Bahkan, Kelompok gabungan Masyarakat Pemantau Peradilan Indonesia (MaPPI) FHUI, Pusat Studi Hukum dan Kebijakan (PSHK), Indonesia Corruption Watch (ICW), Indonesian Legal Roundtable (ILR) dan Yayasan Lembaga Bantuan Hukum Indonesia (LBHI) tersebut mempertanyakan Nawacita dan komitmen Jokowi jika melihat rekam jejak Prasetyo dan potensi konflik kepentingan mengingat latar belakangnya sebagai politisi.
Peneliti MaPPI FHUi, Dio Ashar Wicaksana mengatakan, ada tiga alasan yang mendasari penilaian pihaknya terhadap Prasetyo. Pertama, terkait dengan jejak rekam, yang selama menjadi Jaksa, Prasetyo dinilai tidak mempunyai prestasi yang menonjol. "Bahkan beliau pernah terseret kasus korupsi penjualan kayu cendana ketika menjabat sebagai Kepala Kejaksaan Tinggi NTT pada Tahun 1999-2000," kata Dio, Kamis (20/11).
Kemudian yang kedua, sebagai anggota DPR dan politisi dari Partai Nasdem kata Dio, sulit dinafikan bahwa kepentingan politik lebih dijadikan ukuran utama. Apalagi jika dihubungkan dengan kepentingan Ketua Umum Partai Nasdem Surya Paloh yang masih berurusan dengan Kejaksaan Agung terkait kasus kredit Bank Mandiri senilai Rp 160 miliar. Ketiga, proses penunjukan yang tidak transparan. berbeda dengan proses seleksi menteri Kabinet Kerja yang melibatkan KPK dan PPATK.
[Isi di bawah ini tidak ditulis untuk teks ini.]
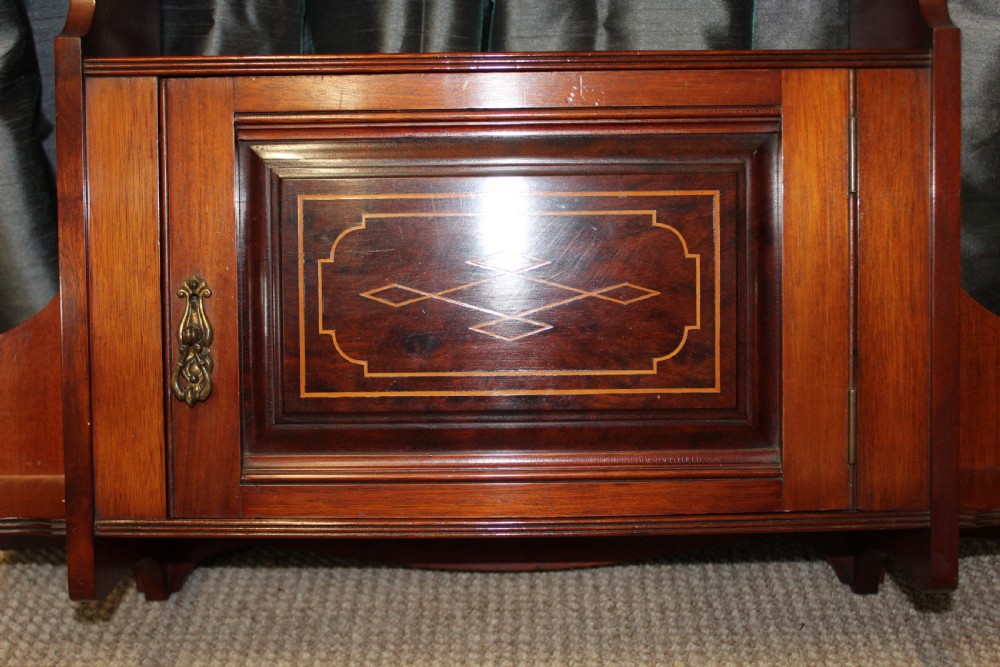 An antique mahogany wall hanging cabinet featuring a central cupboard door with geometric boxwood inlay, a single brass drop handle, a shaped top gallery shelf, and lower side brackets. View II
Padahal lanjut Dio, banyak sekali pekerjaan rumah Jaksa Agung yang mesti diselesaikan, seperti merevisi Peraturan Jaksa Agung (Perja) tentang Pembinaan Karier Kejaksaan guna memperkecil subjektivitas dalam mutasi-promosi, upaya pendisiplinan pegawai terkait dengan banyaknya Jaksa yang melanggar etik dan bahkan terlibat kasus korupsi, menindaklanjuti perkara-perkara yang mandek, terutama di kasus-kasus korupsi dan penuntasan kasus HAM masa lalu, dan menjamin keterbukaan informasi di Kejaksaan.
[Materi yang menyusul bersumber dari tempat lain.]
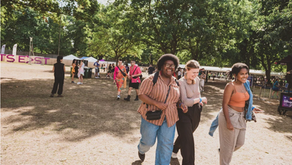 Group people walking on grassed area with trees in the background at a festivel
"Berangkat dari beberapa catatan itu, kami menolak pengangkatan HM Prasetyo sebagai Jaksa Agung yang baru," kata salah satu peneliti ILR, Erwin Natosmal Oemar. Menurutnya, penunjukan Prasetyo yang merupakan seorang politisi berpotensi menumpukan integritas dan independensi Kejaksaan sebagai salah satu institusi penegakan hukum.
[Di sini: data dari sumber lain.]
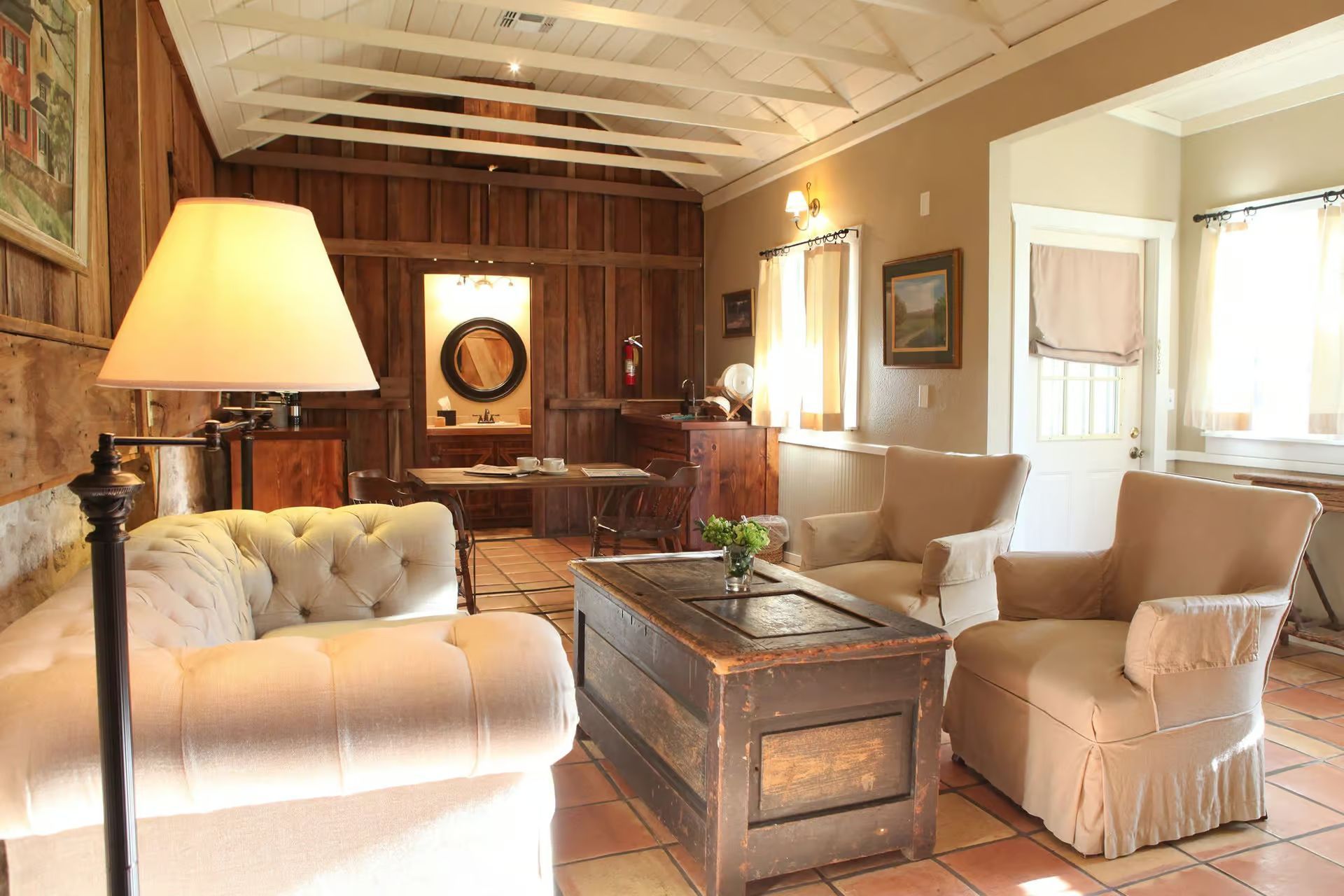 A bedroom with a large bed and a mirror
Padahal kata Erwin, seorang Jaksa Agung harus mandiri dalam menegakkan hukum dan tidak boleh diintervensi oleh kepentingan bisnis ataupun politik. Terpilihnya Prasetyo juga dinilai lebih condong untuk memenuhi hasrat kepentingan politik pihak tertentu daripada untuk mereformasi Kejaksaan sebagai yang dijanjikan Jokowi dalam Nawacitanya.